A strong proponent of closer India-US ties since his days as a senator in the 1970s, US President-elect Joe Biden had played a key role in getting the approval of the Senate for the civil nuclear deal between the two countries in 2008 and even co-sponsored several legislations on countering terrorism.
In August 2001, Biden, as the chairman of the Senate Foreign Relations Committee, wrote a letter to the then President George W Bush calling for the removal of sanctions against India.
In the midst of hectic negotiations between the two countries to conclude the civil nuclear deal, Biden was a critical ally for India in the Senate
The deal had laid a strong foundation for the deepening of ties between the two leading democracies.

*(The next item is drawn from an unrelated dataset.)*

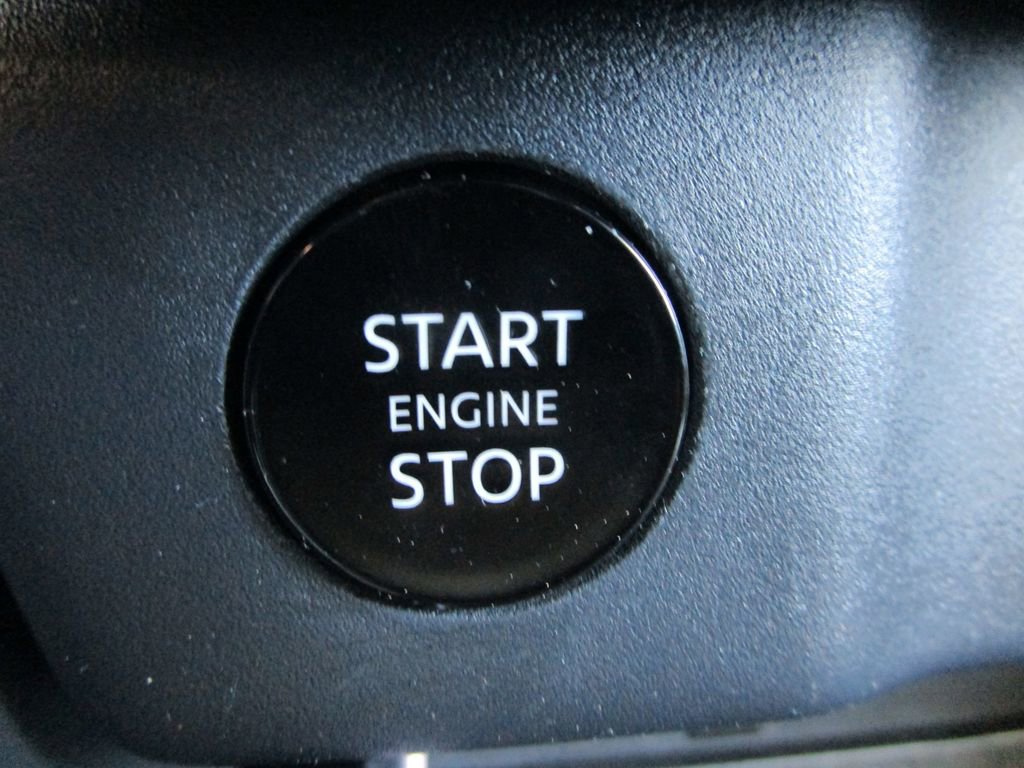 Used 2025 Nissan Rogue SL AWD/4WD image 34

"Biden was Vice President under President Barack Obama and he was very much part of the development of the relationship. The Indo-Pacific partnership took off under Obama," said noted strategic affairs expert P S Raghavan.
Prime Minister Narendra Modi, in a congratulatory tweet on Saturday night, mentioned Biden's "critical and invaluable" contribution in strengthening the Indo-US relations during his tenure as Vice President and said he was looking forward to working closely together once again to take ties to greater heights.
As Vice President, Biden visited India in July 2013 on a four-day trip. He called on the then President Pranab Mukherjee, met the then Vice President Hamid Ansari and visited Gandhi Smriti Museum in Delhi.
He also visited Mumbai where he met a group of business leaders at a round table and delivered a policy speech at the Bombay Stock Exchange.
During Prime Minister Modi's visit to the US in September 2014, Vice President Biden hosted lunch for him.
The strategic and defence ties between India and the US witnessed major expansion during Barack Obama's presidency and Biden had played a key role in it.
It was the Obama administration in 2016 which designated India as a “Major Defense Partner” of the US intending to elevate defence trade and technology sharing to a level commensurate with that of its closest allies and partners.
The Obama administration had supported India’s claim to permanent membership of the UN Security Council and significantly boosted cooperation with India to fight terrorism.
In his campaign documents, Biden spoke about his vision for the US-India partnership as well as on standing with India in facing threats in the region.
"I see continuity and absolutely no hiccups along the way. There will definitely be a change in nuance in the approach. There was a great deal of emphasis on the strategic dimension of the relations under President Donald Trump that will continue under Biden," said Raghavan.
The ties between India and the US have witnessed a major expansion in the last few years.
The nearly four-million-strong Indian diaspora in the US has played an important role in this regard.
The US is India's largest trading partner, with a combined value of trade in goods and services at USD 149 billion in 2019.
As of 2019, US direct investments in India were estimated at about USD 45.9 billion, whereas Indian foreign direct investment in the US was estimated at USD 16.7 billion.
The bilateral Strategic Energy Partnership (SEP) has also witnessed increasing diversification across both conventional and renewable energy sources. With India importing crude and LNG from the US in recent years, the US has emerged as a key partner for India's energy security.
The two countries elevated the ties to a Comprehensive Global Strategic Partnership in February 2020.
In the defence and strategic sphere, their cooperation has witnessed significant expansion.
The two countries inked the Logistics Exchange Memorandum of Agreement (LEMOA) in 2016 that allows their militaries to use each other's bases for repair and replenishment of supplies as well as provide for deeper cooperation.
The two countries signed another pact called COMCASA (Communications Compatibility and Security Agreement) in 2018 that provides for interoperability between the two militaries and provides for the sale of high-end technology from the US to India.
Last month, both sides inked the Basic Exchange and Cooperation Agreement (BECA) that provides for the sharing of high-end military technology, geospatial maps and classified satellite data between their militaries.